Almarina – Valeria Parrella
(Einaudi 2019)

C’è una specie di stortura quando ci si ritrova a leggere di qualcosa di estremamente lontano da noi: qualcosa che sappiamo esistere ma che non riconosciamo perché è sempre stata nascosta, invisibile alla nostra esperienza quotidiana. Poi questa cosa ci viene spiattellata in faccia – in un romanzo, in tal caso – e la stortura si percepisce forte. Perché ne sentiamo parlare, o anche, perché ne sentiamo parlare solo adesso, e per di più in modo così delicato e naturale, come fosse una cosa sempre esistita? La risposta è semplice: perché è sempre esistita.
Sentir parlare di detenzione minorile, su di me, ha fatto questo effetto. Nisida è a poco più di un’ora di macchina da casa mia (vivo nella stessa città che è stata anche la città della gioventù della Parrella), eppure il mio pensiero non vola mai verso quella parte del mare. Vado a Napoli e quello che vedo è la maestosità della città e della sua capacità di essere una donna bella e deturpata, ma non penso mai a Nisida. Non credo ci sia qualcuno che, pensando a Napoli, pensi a Nisida in prima istanza. Forse solo chi ha lasciato un pezzo di sè lì dentro, o chi ha ancora qualcosa a che spartire con quel luogo non-luogo.

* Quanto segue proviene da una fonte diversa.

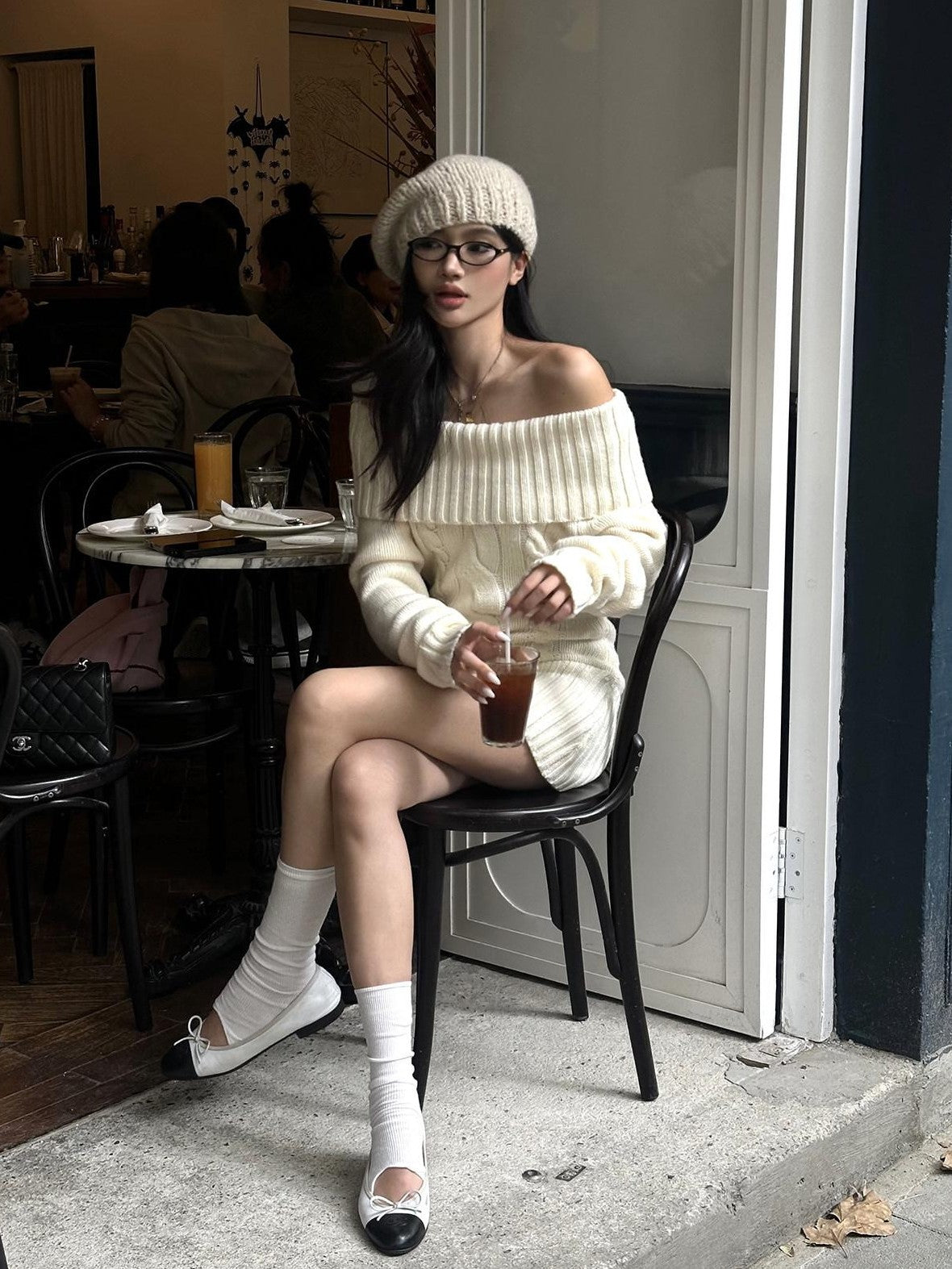 rovente Apricot Cable Knit Women's Nylon Acrylic Blend Off-shoulder Sweaters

La Parrella ci mette davanti all’evidenza che, però, Nisida è un posto dove vivono ragazzi, dove ci sono esseri umani in divenire e che – come tutti – respirano e pensano. Elisabetta Maiorano è la testimone che ci mette davanti alle vite di questi altri: quei ragazzi che non vengono mai in mente, ma che ci sono: delinquono fuori dal carcere e poi scompaiono, non sappiamo che fine fanno. Vanno a Nisida, o qualsiasi altra Nisida nel mondo.

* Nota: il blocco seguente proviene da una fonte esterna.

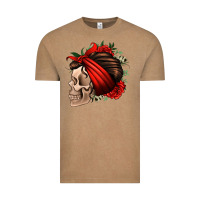 Vintage Coffee bandana and roses skull Vintage Tee - Jasminsmagicworld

Elisabetta Maiorano è una donna con una tragedia alle spalle che non sembra aver ancora del tutto perdonato, non ha abbandonato quel cordone ombelicale che la lega al passato. E così, cercando di sopravvivere allo sbalzo emotivo enorme che le causa il suo lavoro di maestra, cerca di fare della sua quotidianità un simbolo di ciò che è stato.
In questo romanzo, il quotidiano è la chiave interpretativa di una vita intera: attraverso gesti ricorrenti, degli orecchini in oro, un letto a due piazze e le porte del bagno sempre aperte, Elisabetta Maiorano ripercorre il suo dolore e gli conferisce dignità, grazie alla ricorsività degli eventi e alla sua incapacità di lasciare andare il dolore e far restare solo l’amore.

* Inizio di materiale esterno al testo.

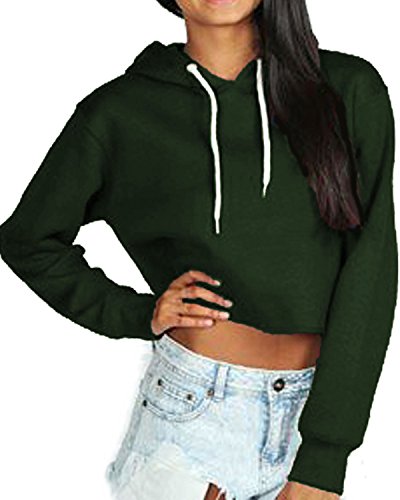 olive green crop hoodie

Almarina è una degli “altri”, una di quelle ragazze distrutte ancor prima di poter diventare donne: ha sofferto, e probabilmente soffrirà per sempre. Ma nella sua sofferenza, Elisabetta trova una somiglianza con quella ragazza interrotta, e se ne fa carico. La sua voglia di maternità, anch’essa interrotta ancor che fosse tempo, rifiorisce in questo legame così estemporaneo e forte.
Questo romanzo porta con sè non solo una bellezza estetica della parola scritta, ma anche un carico emotivo quasi palpabile: sembra di poter sentire il dolore e la speranza, di poter toccare il desiderio di maternità di Elisabetta e la purezza di Almarina. Il romanzo riesce a far capire come la maternità non si identifichi con una gravidanza e neanche con l’età anagrafica, nè con i legami di sangue: una mamma è mamma perchè sceglie l’amore, così come un padre è tale perchè sceglie l’amore.
Più di tutto, penso che questo romanzo mi abbia fatto sentire fortunata. Ripercorrendo il romanzo, ho avuto come l’istinto di fare un bilancio generale dei miei legami, delle mie fortune e delle mie sfortune. E sono arrivata alla conclusione che, probabilmente, affacciare lo sguardo verso Nisida non solo mi ha fatto ricordare che ci sono “altri” oltre le persone che vedo e che amo, ma che – dopotutto – nell’esistenza è importante solo l’amore, il resto è un accessorio di lusso.